Windows Defender: This arrives with Windows 10 and where IT professionals used to scoff at the feature in years (and Windows versions) past, it’s gotten immensely better. And it’s free, which nobody can argue with. Simply keep your copy of Windows 10 updated via the Update setting regularly, even if it means chewing through dozens of previous updates, make sure you’re entirely up to date, and Windows Defender will do the rest. It’s bare bones, but it does prevent much of malware and exploits from slipping through, which is the first step to keeping your data secure.

Use an cloud email provider: This is where you can put larger companies’ R&D budget to use for your benefit. Some malware attacks come through email attachments and links to malicious websites. Apple’s iCloud, Google’s Gmail and Microsoft’s Office 365 presently channel a fair amount of time, energy, and funding into anti-spam and anti-malware and protection through their email systems.

Use Devices: Another means of using Apple and/or Google’s security budget to your end is to check emails on an iPhone, iPad, or Android-based device. Users can get their email through the email client of their choice on the device, and the security layers generally prevent spam and malware from slipping through and activating. Just remember to keep your devices updated (you can turn on auto updating to achieve this) and you’ll be good to go.

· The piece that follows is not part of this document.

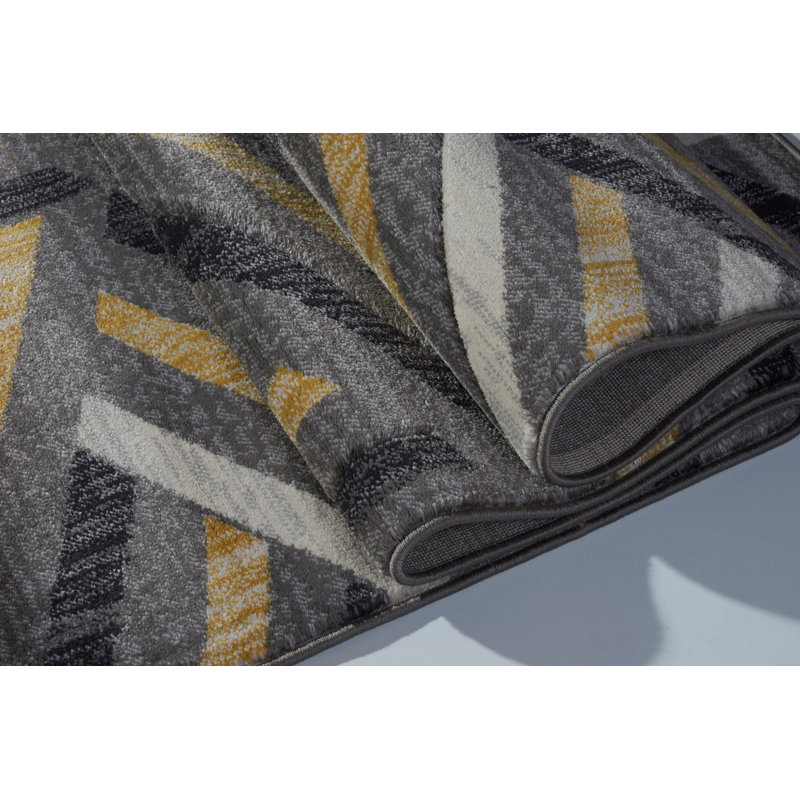 Tapis gris / doré Billie-Loren, Rectangle 1 pi 10 po x 2 pi 11 po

External Drives and Backup Services: Always have a backup. For the price of a $40 hard drive from Amazon, Best Buy or Fry’s, you can easily snag an external USB hard drive that you can then configure as a local backup drive in case things go south with your computer. For a variable subscription price per month, you can easily back up your data to services such as Dropbox, Box, Microsoft’s OneDrive, Apple’s iCloud, and Google Drive. Services back up your data throughout the day.

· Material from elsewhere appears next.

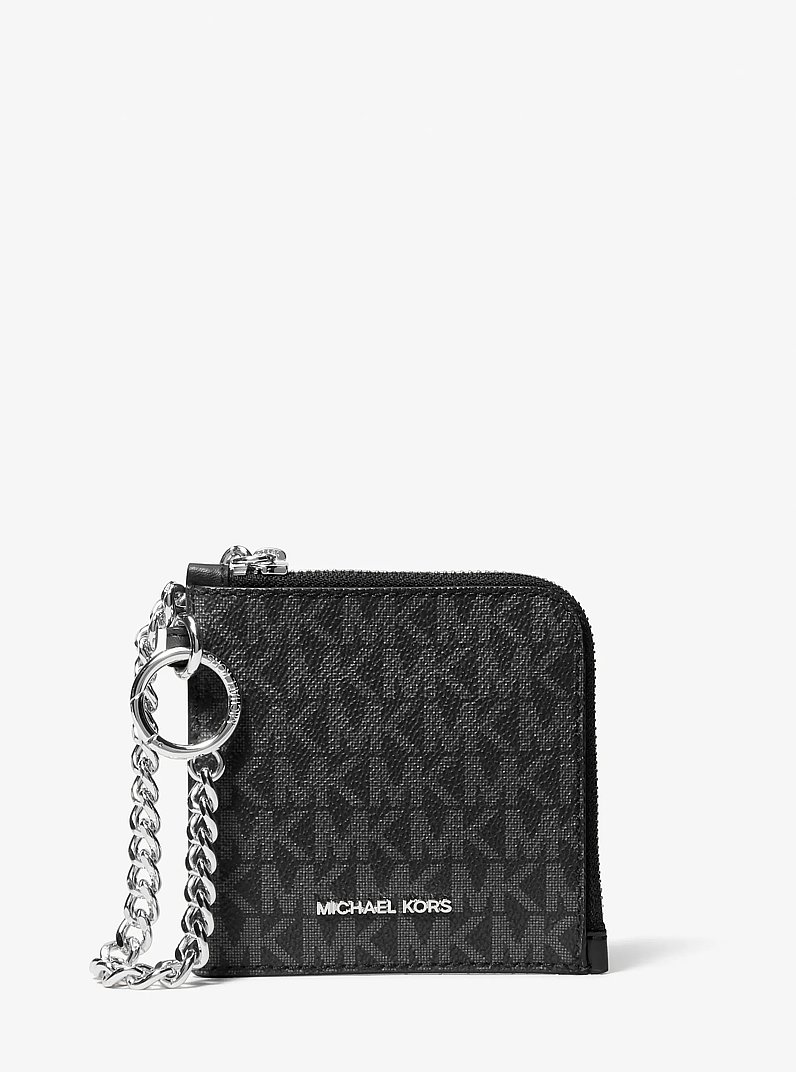 マイケルコース Jet Set Wallet on a Chain 黒 Jet Set Travel Medium Signature Logo Chain Wallet in BLACK - Sale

Erase hard drives when you’re done with them: More than anything, you don’t want your data hanging around on a hard drive once you’re done with the computer or device. Darik’s Boot and Nuke (www.dban.org) effectively destroys all information from hard drives and makes that data as unrecoverable as humanly possible. The DBAN software is available for free for personal use, while the Blancco Drive Eraser (www.blancco.com) is intended for enterprise level use, supports more erasure standards, offers technical support, and is available as a free trial with the full product available at different price points.